This PR makes several subtle changes to one of the most fundamental methods of OUSD. While I think all of these changes are in the direction of simplicity and correctness, it certainly behoves us to think this PR through.
Rounding
The old method "rounded up" the rebase ratio, making rebasing accounts having tiny amounts more than they would otherwise have. (The actual division operation rounded down, but since a smaller rebasingCreditsPerToken is more money, this was effectively rounding up the balances.) The size of this error was small - adding a billion billion dollars to the contract would result in being off by a dollar. The size of the error would increase as OUSD earns yield though
Because of this rounding error OUSD's totalSupply would almost always be set to a value greater than what the vault sent it.
This rounding error also means that if a rebase came in near the MAX_SUPPLY, the rounding error would push the recorded supply over MAX_SUPPLY.
I've change the rounding to effectively round the rebase ratio down.
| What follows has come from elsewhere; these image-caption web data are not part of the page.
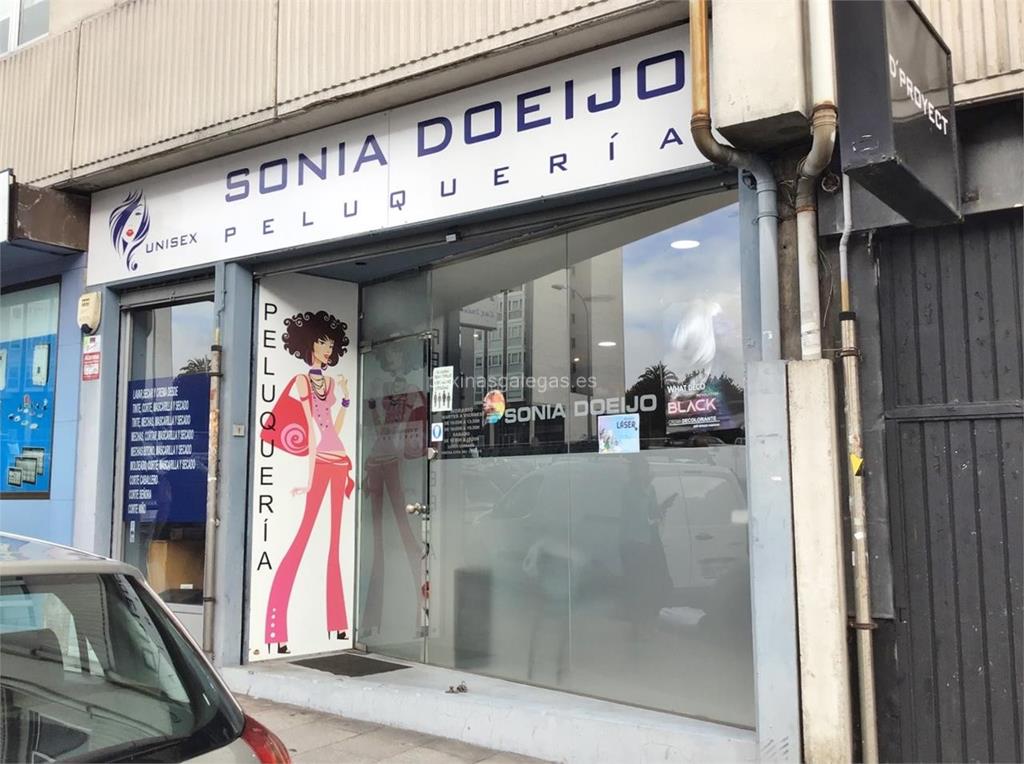 imagen principal Punto de Recogida Ups Access Point (Sonia Doeijo)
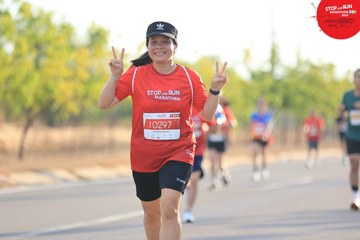STOP AND RUN MARATHON 2024 - Ảnh #2089555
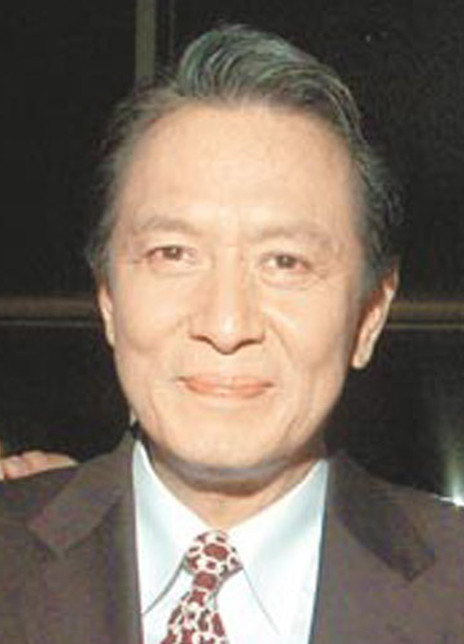 張國柱 張國柱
I went for a simple approach here on the rounding - just adding "1". This is technically incorrect in the super rare case when it the numbers would actually get the right answer. I'm open for discussion on this. I've not updated the two tests that this causes to fail.
Total Supply Calculation
There's roughly three properties we'd like the new total supply to have:
Because of rounding errors we basically can't have all three( outside of a 1/1e20? chance that the numbers for an update match). We have to pick our tradeoff.
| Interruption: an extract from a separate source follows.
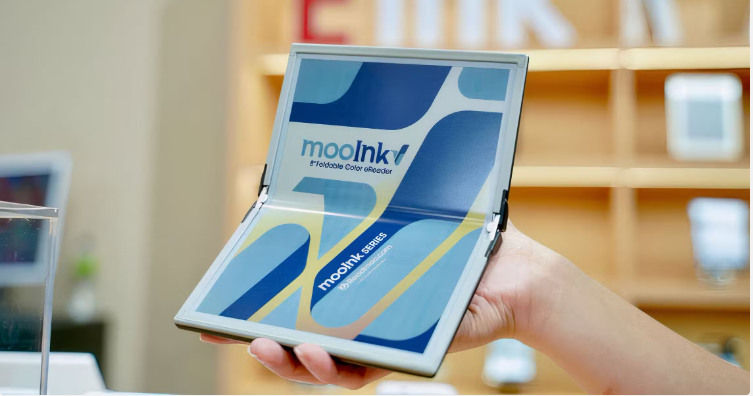 mooInk V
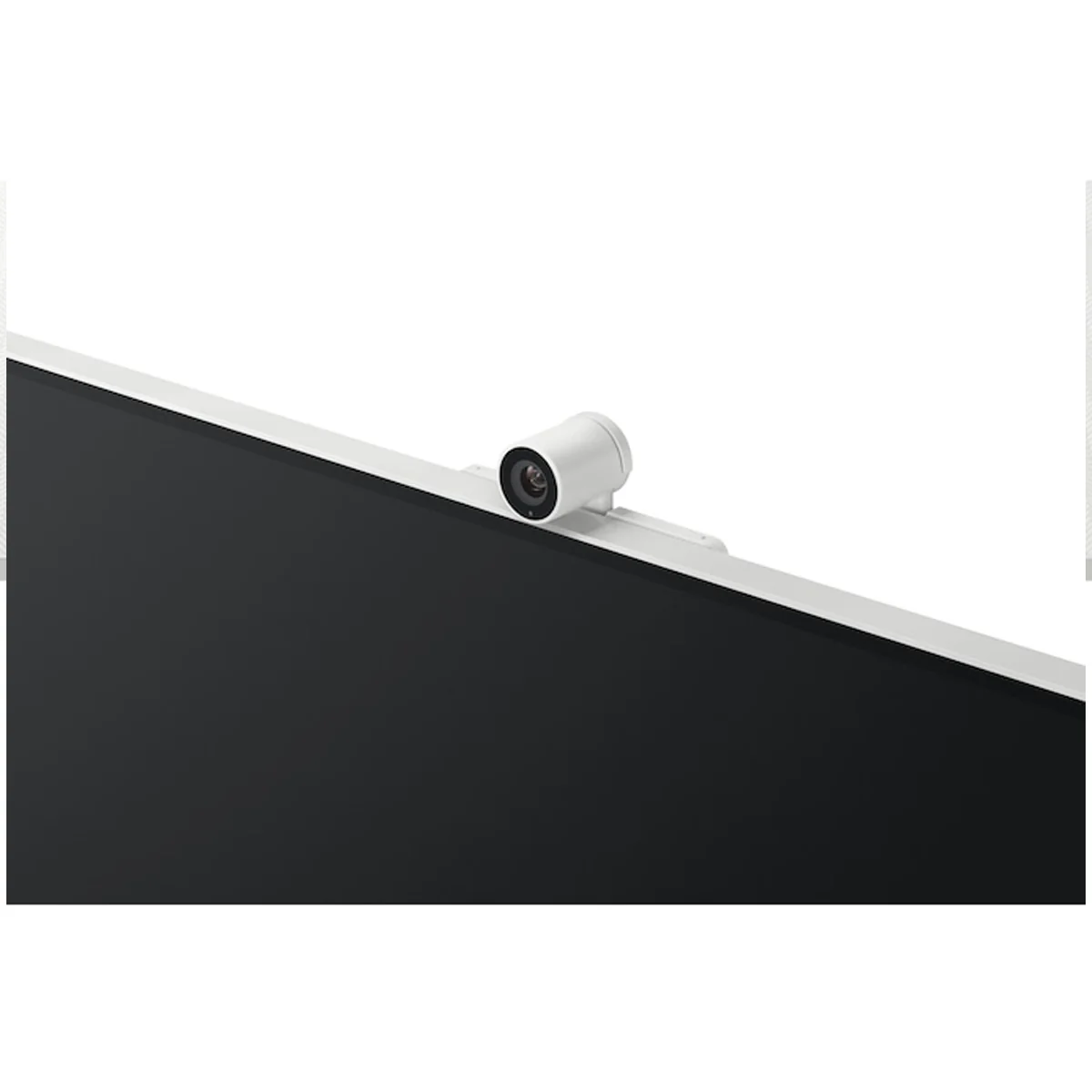 Samsung M8 M80F LS32FM803UEXXP 32" 4K (3840x2160) 60Hz 4ms GTG VA Vision AI Smart Monitor with Tilt, Pivot & Height Adjustment (Warm White) - Image 12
The previous code matched the total supply to the sum of accounts, which because of rounding was almost always be higher than the passed in value. This gave us one property, sum matching, but at the cost of too much OUSD and yield calculations being slightly off. Suppose the vault looks at OUSD, sees a 10 dollar supply, records a $2 yield, and sets supply to $12. If the OUSD contract actually sets the supply to $13. The next time the vault checks for yield, it's going to undercount the yield by $1.
I've chosen to set the totalSupply to the exact value passed in. This ensures that all yield calculations are exactly correct. Because we are now rounding down rebasing ratios, this is always at or over the sum of all accounts, meaning all coins are fully backed. It does however mean that the sum of all OUSD account balances won't precisely match.
MAX_SUPPLY
Changing our rounding direction has fixed it so that we no longer go over MAX_SUPPLY.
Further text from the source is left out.